ISLAMABAD: The Islamabad High Court (IHC) was informed on Monday that Dr Aafia Siddiqui refused to meet Pakistan’s consul general in Houston who visited the prison where she is completing her jail term to seek her consent for filing a mercy petition before the United States Department of Justice (DoJ).
Siddiqui, 48, a neuroscientist, was handed 86 years in prison by a US judge in 2010 after she was convicted of “shooting” at Federal Bureau of Investigation (FBI) agents and soldiers after her claimed arrest in Afghanistan.
Islamabad has since been trying to repatriate the scientist but achieved little success.
During the hearing in a petition seeking information about measures taken for her release, the Ministry of Foreign Affairs submitted a report in the court of Justice Aamer Farooq, stating that consular visits in Federal Medical Centre (FMC) Carswell — a prison in Texas for female inmates of all security levels — had been suspended by the prison authorities over Covid-19 threats.
As a result, it said, all the scheduled meetings including that of the consul general with Siddiqui had been put on hold.
However, the report added, the diplomat remained in touch with the prison authorities in order to get updates on the health and well-being of the scientist, which were regularly shared with her family.
Due to efforts of the Pakistan embassy in Washington DC, a special consular visit was arranged in Houston to meet the inmate on September 4, 2020, it said.
During the meeting, according to the report, Siddiqui informed the consul general that her Covid-19 test came negative. “Dr. Aafia was alert in her conversation with the Consul General. She also informed the Consul General that she had recently been examined by her psychiatrist who declared her [mentally sound and] well,” it read.
Subsequently, on December 28, the ministry’s additional secretary (Americas) held a telephonic conversation with Siddiqui’s sister, Dr Fouzia Siddiqui, during which the former briefed the latter about the last consular visit and the latest status of the mercy petition.

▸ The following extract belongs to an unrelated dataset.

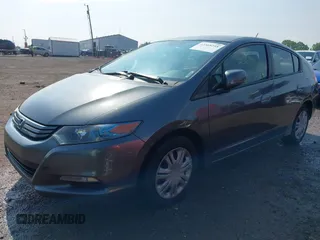 2011 Honda Insight LX z VIN JHMZE2H54BS000481, wystawiony jako IAAI lot #42368258 z przebiegiem 256 894 mil mil oraz . Historia ofert i sprzedaży dostępna na DreamBid. Obrazek 2.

Following the signing of the petition by Siddiqui during the December 2019 consular visit, the embassy had approached the DoJ for further course of action, the report said, adding the Office of the Pardon Attorney, DoJ advised the mission that a signed petition could only be filed by the inmate themself by post, through the jail warden or through her appointed attorney.
In the absence of a counsel, the only other option was that the inmate files the petition herself through the prison warden.

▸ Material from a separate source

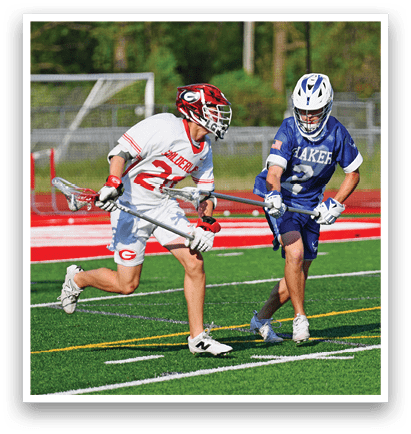 Two men playing lacrosse on a field. Description generated by AI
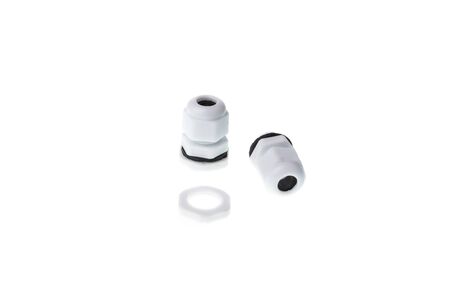 Small cable glands for automation panel connection, isolated on white backgroundの写真素材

“To address this caveat, our Consul General in Houston planned a visit to FMC to meet Dr. Aafia Siddiqui. The meeting was scheduled on March 27, 2020, which was cancelled due to [the] Covid-19 pandemic. As an alternative, the petition was sent to FMC so that it could be forwarded to DoJ, however, FMC informed that Dr. Aafia refused to sign the additional consent form for dispatching the petition to DoJ,” it said.
“Consul general approached prison authorities for consular access at the earliest possibility. Only after the intervention of our Embassy in Washington, a special consular visit was arranged for Consul General on 24th September 2020, however, [the] consent form couldn’t be signed during that meeting.”
“Consul General again went to meet Dr. Aafia on 15th December 2020 but prison authorities informed him that Dr. Aafia Siddiqui had refused to meet him,” the report said.